Relay-Version: version B 2.10 5/3/83; site utzoo.UUCP
Posting-Version: version B 2.10.2 9/17/84; site think.ARPA
Path: utzoo!watmath!clyde!burl!ulysses!mhuxr!ihnp4!think!bradley
From: bradley@think.ARPA (Bradley C. Kuszmaul)
Newsgroups: net.arch,net.math
Subject: Re: topology of highly connected computer systems
Message-ID: <1483@think.ARPA>
Date: Tue, 30-Apr-85 10:01:13 EDT
Article-I.D.: think.1483
Posted: Tue Apr 30 10:01:13 1985
Date-Received: Wed, 1-May-85 03:45:10 EDT
References: <2132@sun.uucp> <1447@think.ARPA> <551@lll-crg.ARPA>
Reply-To: bradley@think.UUCP (Bradley C. Kuszmaul)
Distribution: net
Organization: Thinking Machines, Cambridge, MA
Lines: 205
Xref: watmath net.arch:1132 net.math:1966
to: bradley, brooks@lll-crg.ARPA
Summary: 

I am going to disagree a lot with brooks@lll-crg.ARPA, but don't take it
personally.  It sounds like Mr. Brooks has given the topic a lot of
thought, and most of our differences seem to come from different
assumptions.  Once we start with different assumptions, its hard to get
the same conclusions.  Some of my assumptions are:
  - Lots and lots and lots of small processors are better than fewer big
processors.
  - Any particular connection topology will be not quite right for most
applications, so we might be willing to sacrifice the best case behavior
for more generality or better average case behavior (for example nearest
neighbor communication in a 2 dimensional grid is very good, but not
very general.  A cube is well connected, but may use too many wires to
achieve its bandwidth)

In article <551@lll-crg.ARPA> brooks@lll-crg.ARPA (Eugene D. Brooks III) writes:
>> out, but for something like the cosmic cube (64 processors?) we are only
>> talking about 192 wires, (probably expensive coaxial wires), which is
>> not too much of a pain to actually construct in 3-space.
>
>The 64 processor was wired in a single backplane with wire wrap wire and
>not coaxial cable.  The wiring was not even twisted pairs.  Of course it
>probably would have been a lot less flakey with twisted pairs and appropo
>drivers.

Sorry about that.  I was under the impression from the discussion in
this group that the cosmic cube's connections are implemented with
ethernet controllers.  My main point was that a 6-cube is easy to wire
up, and it only gets easier by using smaller wires.

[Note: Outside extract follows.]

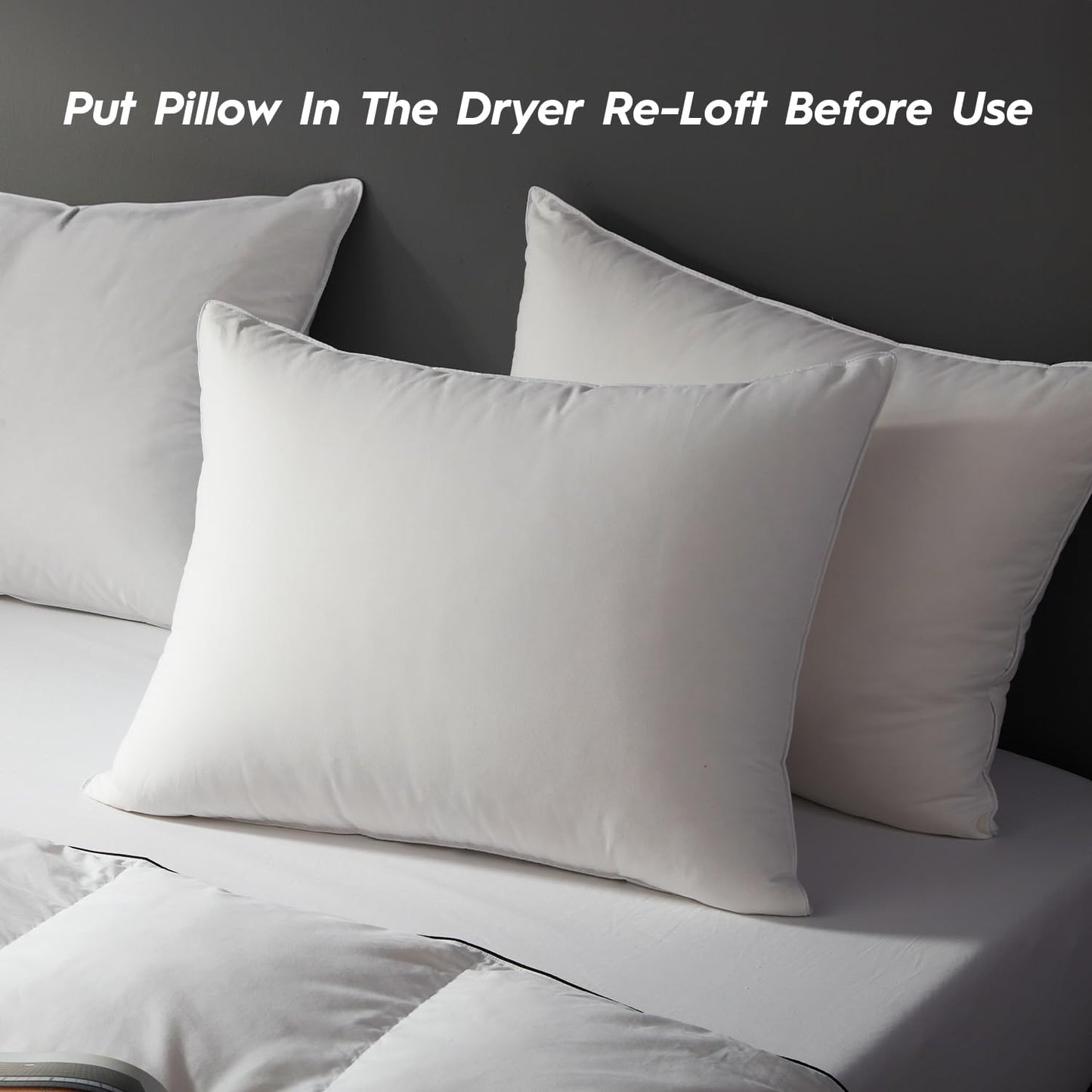 Globon Medium Firm Down Pillow King Size, Premium Down and Feather Filled Bed Pillow for Sleeping, 100% Cotton Shell 430 TC 600 Fill Power, Hotel Collection Down Feather Pillow 20" x 36" 1 Pack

>> I am much more interested in what happens as $n$ becomes much larger
>> (e.g. $n=10^6$).>
>A million processors not not a problem at all (Well perhaps I am stretching it
>a bit.  I don't actually advocate a million processors.  I thing more along the
>lines of a few hundred 20 MIP/MFLOP processors as being interesting.).

I beg to differ.  I think that a million processors is not nearly
enough.  I believe that our differences probably stem from different
approaches to mapping applications onto the parallel processors.  If I
were doing something like electrical simulation of a VLSI
circuit, I would like to have each processor simulate a single
transistor.  If I am doing finite element analysis, each processor might
simulate one of the elements.  While it is true that by speeding up the
processors, and using fewer of them, we should be able to get the same
performance on some applications, I tend to think that it is possible to
get more MIPS per dollar by using smaller, cheaper processing elements.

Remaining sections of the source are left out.